L'Article 200 stipule que la filiation peut avoir lieu par la procréation naturelle ; par l'acte juridique de l'adoption ; par l'utilisation de toute technique de procréation assistée et par des liens qui se construisent à partir d'une socio-affectivité reconnue judiciairement.
L'Article 201 prévoit que toute filiation, quel que soit son titre constitutif, produit les mêmes effets juridiques et détermine la responsabilité parentale, les noms de famille, les aliments, les droits de succession et les autres effets établis par la loi.

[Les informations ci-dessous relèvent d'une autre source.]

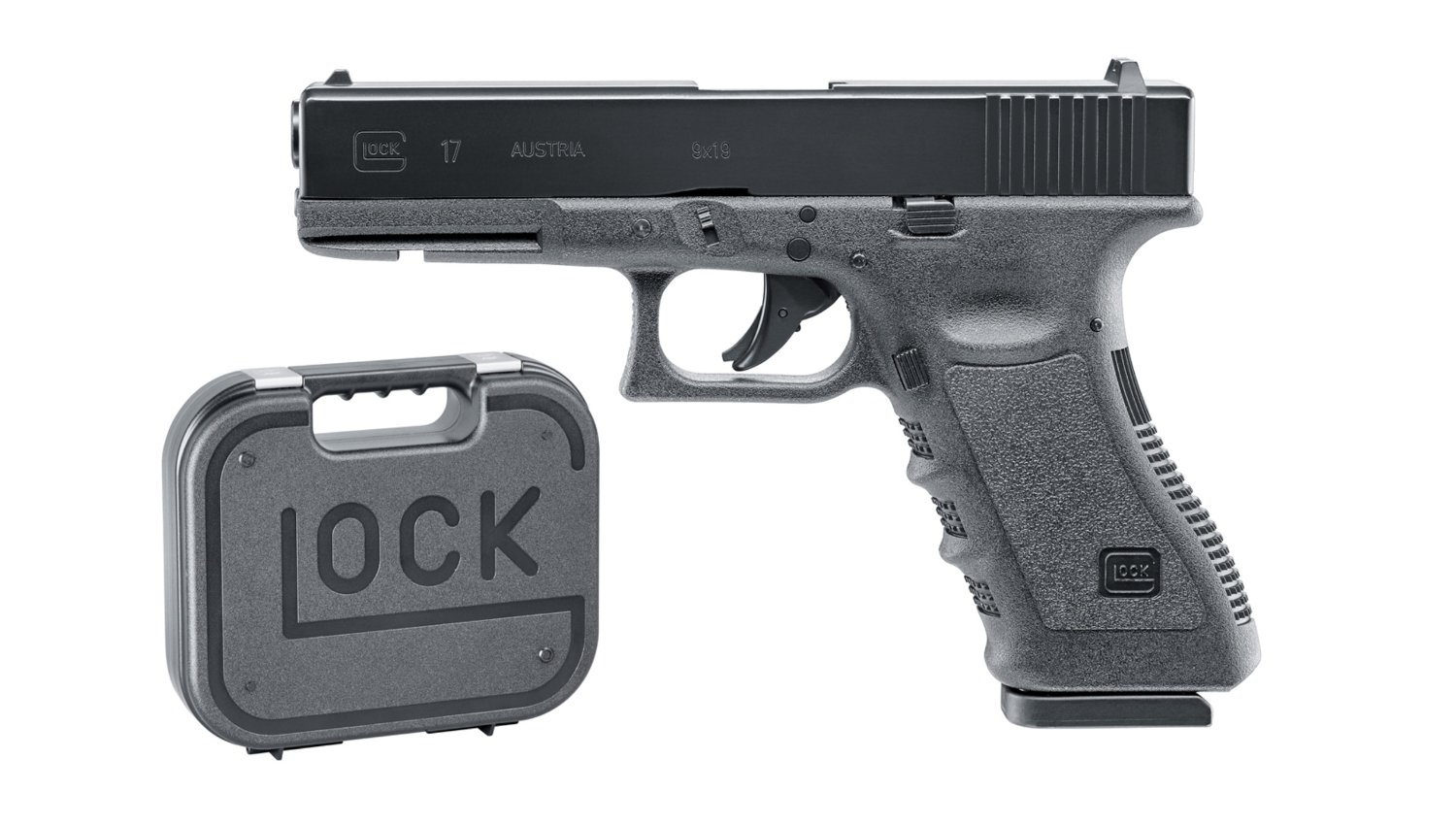 Vzduchová pistole Glock 17 BlowBack BB/Diabolo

L'Article 206 traite de la multiparentalité et précise qu'à titre exceptionnel, une personne peut avoir plus de deux liens de filiation, soit pour des causes originelles, dans les cas de filiation assistée où il n'y a pas d'anonymat du donneur ou de la gestatrice ; soit, pour des causes d'encadrement dans les cas de filiation construite socio-affectivement et d'adoptions par intégration, dans l'attention aux principes de l'intérêt supérieur de l'enfant et du respect de la réalité familiale.
L'Article 330 prévoit que la mère ou le père qui a la charge d'un enfant mineur peut déléguer l'exercice de la responsabilité parentale à son conjoint ou à son concubin lorsqu'il est dans l'impossibilité d'exercer pleinement cette fonction pour des raisons de voyage, de mission officielle à l'étranger, de maladie ou d'incapacité temporaire, et à condition que l'autre parent ayant la responsabilité parentale soit dans l'impossibilité de le faire.